Exercise requirements -
In the data below, the answer is the run of lines from the line containing "مناقصه عمومی دو" through the line containing "Rattan Sofa, Coffee", both included; print it exactly and nothing else.
Data listing Block Start
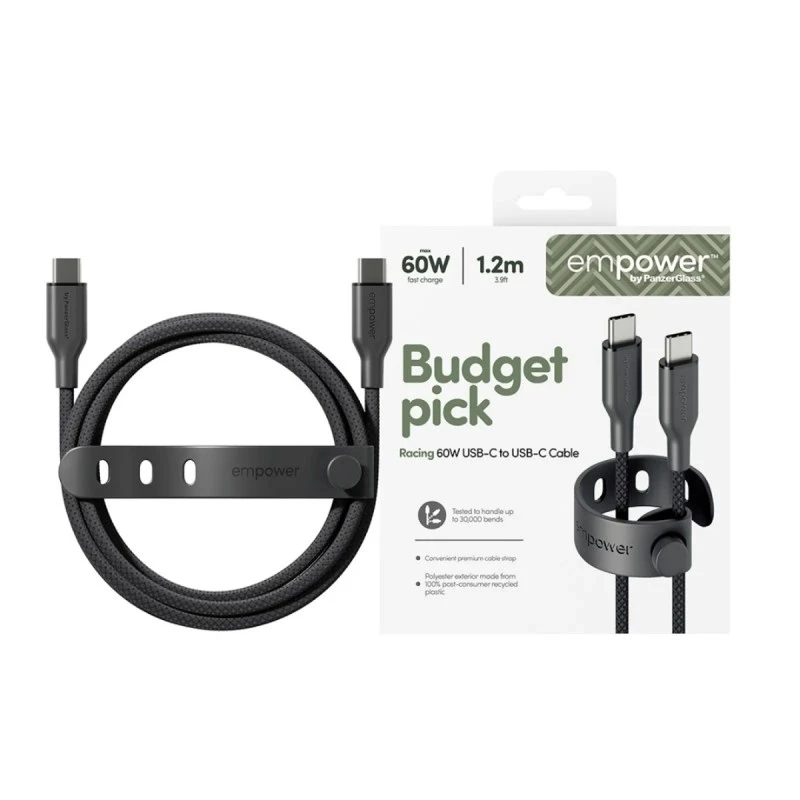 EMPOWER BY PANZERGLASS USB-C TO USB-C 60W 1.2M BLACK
Data listing Block End
Data listing Block Start
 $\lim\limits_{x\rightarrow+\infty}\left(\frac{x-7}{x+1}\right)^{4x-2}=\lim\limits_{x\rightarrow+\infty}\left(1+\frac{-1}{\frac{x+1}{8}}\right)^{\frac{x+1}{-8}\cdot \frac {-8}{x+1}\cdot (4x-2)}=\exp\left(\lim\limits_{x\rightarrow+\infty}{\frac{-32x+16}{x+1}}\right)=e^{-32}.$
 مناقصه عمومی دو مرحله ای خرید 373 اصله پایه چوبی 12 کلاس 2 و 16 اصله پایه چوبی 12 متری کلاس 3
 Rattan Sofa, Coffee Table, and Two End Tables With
Data listing Block End
Data listing Block Start
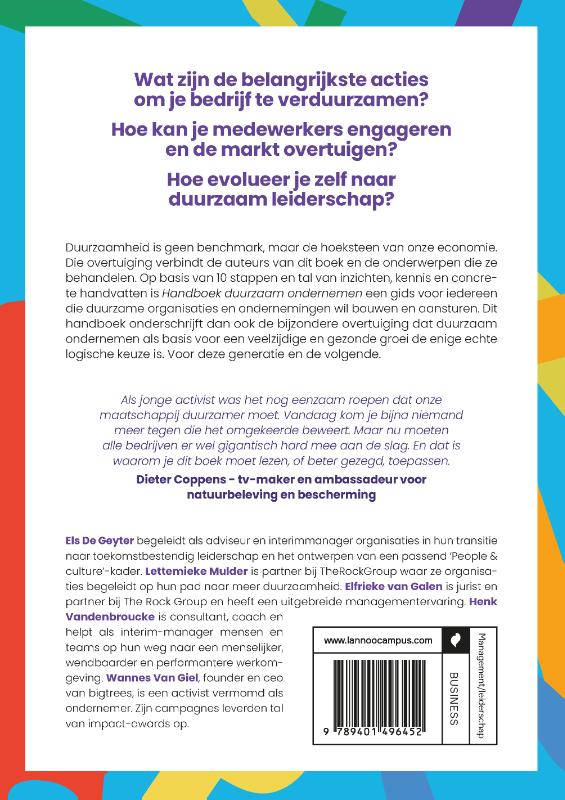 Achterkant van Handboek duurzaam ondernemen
Data listing Block End
Result of this task -
 مناقصه عمومی دو مرحله ای خرید 373 اصله پایه چوبی 12 کلاس 2 و 16 اصله پایه چوبی 12 متری کلاس 3
 Rattan Sofa, Coffee Table, and Two End Tables With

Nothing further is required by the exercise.